Short text fragments from websites:
↓
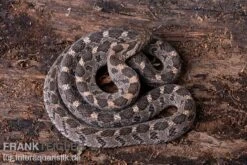 Afrikanische Eierschlange, Dasypeltis Scabra 11 Afrikanische Eierschlange, Dasypeltis Scabra -Zubehör für Haustieraquarien Afrikanische Eierschlange Dasypeltis scabra neu 5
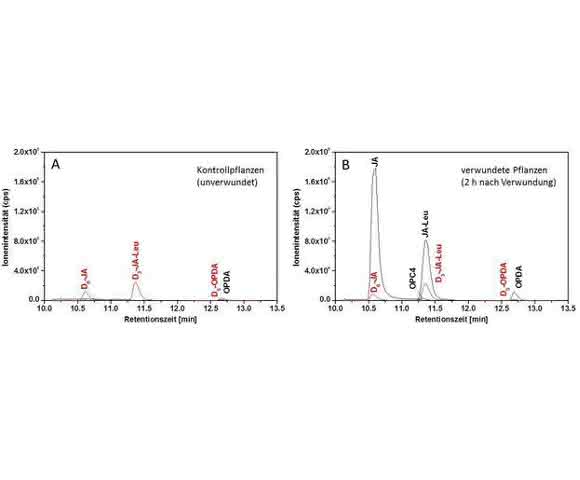 Ionenchromatogramme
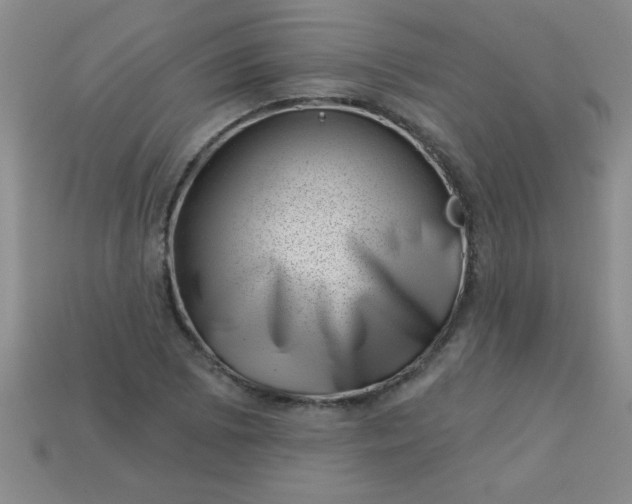 X0000113001073200909101751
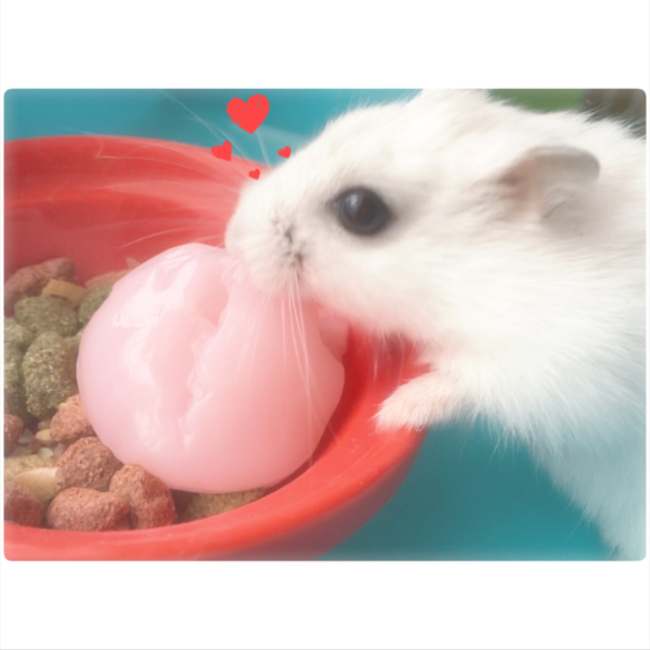 maaa︎☺︎︎☺︎のカバー写真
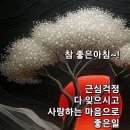 미안했다 사랑한다 고마웠다 이미지
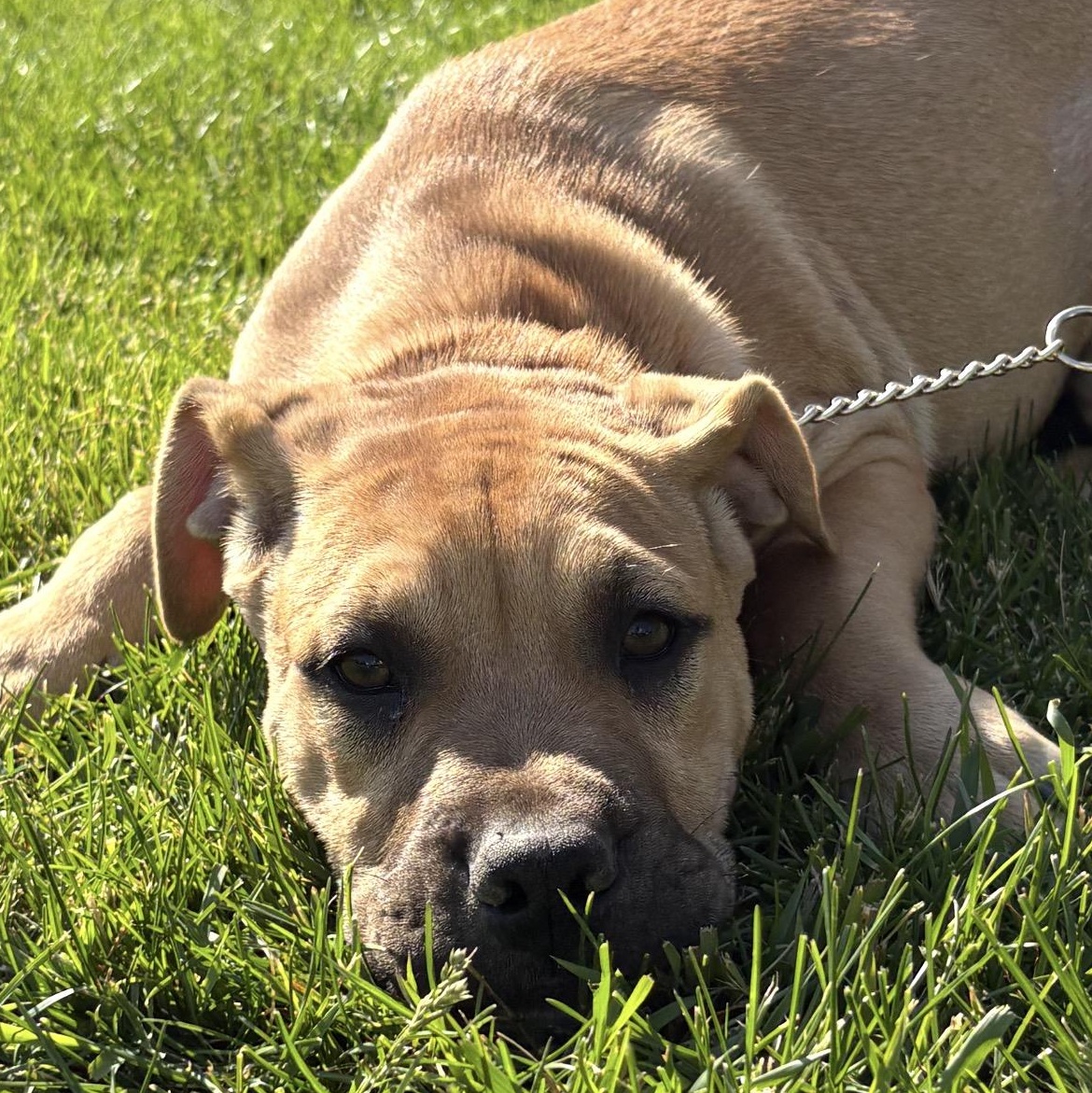 Blackberry, Adoptable, Young Male Boxer.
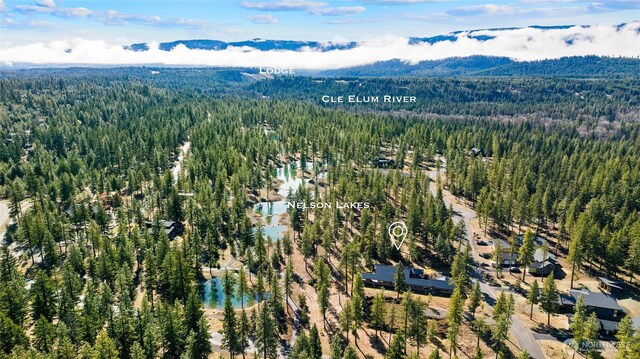 126 Wanawish Loop 0Lot, Cle Elum, WA 98922 - photo 9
↑
*EXERCISE DIRECTIONS*:
Where pictures sit among the data above, omit them, and output the rest exactly.

*YOUR SOLUTION*:
 Afrikanische Eierschlange, Dasypeltis Scabra 11 Afrikanische Eierschlange, Dasypeltis Scabra -Zubehör für Haustieraquarien Afrikanische Eierschlange Dasypeltis scabra neu 5
 Ionenchromatogramme
 X0000113001073200909101751
 maaa︎☺︎︎☺︎のカバー写真
 미안했다 사랑한다 고마웠다 이미지
 Blackberry, Adoptable, Young Male Boxer.
 126 Wanawish Loop 0Lot, Cle Elum, WA 98922 - photo 9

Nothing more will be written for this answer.